文/沈睿
即使是那个特殊的时代,卖小鸡的农民也在北京城里的大街小胡同里串游。一到早春,我们就常常听见胡同里由远及近的吆喝声,“卖小鸡喽,卖小鸡喽——”那个“喽”字好像是歌声一样悠长,余音袅袅,在胡同里荡漾。一听到这个声音,我们停下手中的事情,往外跑,看卖小鸡的去!看卖小鸡的去!卖小鸡的农民通常背着背篓,背篓里装着数不清的唧唧叫的小鸡。看了一会儿后,我们就急急忙忙地往家跑,一路喊着、叫着,告诉母亲卖小鸡的来了,要母亲加入我们的行列。母亲其实早就听到了,她这时才整整身上的衣服,站起来,跟着我们一起去看卖小鸡的。
这样的情景几乎每年都会上演,甚至重演几次。母亲最终会在我们的央求下买几只小鸡回家。虽然母亲同时还会絮絮地抱怨和提醒我们,小鸡是养不活的,小鸡终究是会得鸡瘟的等等。几天后,如母亲预言的那样,小鸡开始拉稀,逐一从纸盒子里消失,一两个星期之后,小鸡就不存在了。买小鸡的即时的欢乐也已经过去,所以不会有太大的伤心。
可是那一年有一只小鸡奇迹般地活了下来。那只小鸡没有消失,相反,它的鸡冠开始发红,它的脖子开始长长,它的羽毛逐渐蜕变,两侧长出新的翅膀。新翅膀的羽毛又硬又结实,白色的。它的成长的一切都在宣告它是一只健壮的小公鸡。但是,公鸡是令人失望的。我们盼望的是母鸡,因为母鸡可以下蛋,母鸡可以孵小鸡。鸡蛋多么好吃,小鸡又是多么可爱!而公鸡有什么用?可以说一无所用。我们家有座钟,不需要公鸡打鸣司晨。公鸡打鸣实际上还会让父亲生气,因为公鸡的时辰似乎是乡村的,天才蒙蒙亮,它就高声呼唤,好像招呼农人们下地干活。公鸡似乎对乡村生活有潜意识的记忆,对它此刻的城市生活毫无概念。它的乡村时辰让父亲十分恼火。正是父亲睡觉的时候,公鸡却呼唤他起床,这让他恼火异常。父亲没有一点儿田园情怀。

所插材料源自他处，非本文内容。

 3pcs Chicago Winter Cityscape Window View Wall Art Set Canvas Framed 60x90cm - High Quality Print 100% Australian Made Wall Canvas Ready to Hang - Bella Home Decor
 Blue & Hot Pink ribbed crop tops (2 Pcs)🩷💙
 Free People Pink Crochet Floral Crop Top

我却对这只公鸡关爱有加,对这只公鸡的生存倾注了一个10岁孩子可能给予的全部关注。从小鸡买来开始,就是我在照顾它们,这只活下来的公鸡是我工作成果的证明。自然而然,不仅我自己,就是全家人也都把这只公鸡称为我的公鸡。我和我的公鸡很亲密,我们两个几乎形影不离。我每天一起床,就先跑到鸡筐看看它昨夜睡得怎么样。我吃早饭时,顺便就把早饭分给它一些。上学之前,我向它告别;放学之后,我把它从筐里拿出来,让它在院子里散步;晚上,我把它放回筐里,让它睡觉。睡觉前,我还会给它讲故事。生活中有那么多故事,我的嘴巴不爱停,家里人不爱听我讲,公鸡就是我忠实的听众。

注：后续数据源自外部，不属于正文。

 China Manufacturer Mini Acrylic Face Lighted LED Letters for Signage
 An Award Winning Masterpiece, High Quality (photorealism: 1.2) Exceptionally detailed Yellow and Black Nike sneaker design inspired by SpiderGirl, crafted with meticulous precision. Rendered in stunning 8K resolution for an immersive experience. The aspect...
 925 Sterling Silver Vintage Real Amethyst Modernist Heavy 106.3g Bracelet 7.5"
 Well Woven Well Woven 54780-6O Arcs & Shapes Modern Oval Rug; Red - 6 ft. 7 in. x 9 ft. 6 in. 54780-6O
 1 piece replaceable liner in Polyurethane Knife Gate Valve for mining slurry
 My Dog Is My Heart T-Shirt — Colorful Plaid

我们住的院子不是很大,可是院子的东边有一大块空地。过去,院子里的男孩子在那里建立一个乒乓球台,日久天长,球台失修、塌陷,地上荒芜起来。那年的春天,我和姐姐妹妹决定开垦这块地。我们种了向日葵、玉米、喇叭花和鬼子姜等等。我在院子的四周还种了很多茉莉花。颜色各异的茉莉花夏天的时候会在夜晚开花,花香芬芳,是北京街头胡同尾常见的一种花草。我喜欢给我们的地和花浇水,因为我总是希望我们的向日葵长大,过年的时候我们可以吃葵花子。我希望我们的花长得又快又好,夏天的夜晚在花下乘凉是多么愉快啊。十岁的我似乎天然懂得浇水的重要性,因此,我每天都勤奋地给我们的地和花浇水。每次浇水的时候,小公鸡就跟着提着桶的我,到公用的水龙头去接水。“到水井接水去”是我们孩子的重要的任务。我和姐姐们常常用一根扁担抬水回来。为了给我们的地浇水,我只好自己用水桶打半桶水,提回来,洒在地里,一趟趟地来回跑。小公鸡也跟着我来回跑,好像是我忠实的卫士。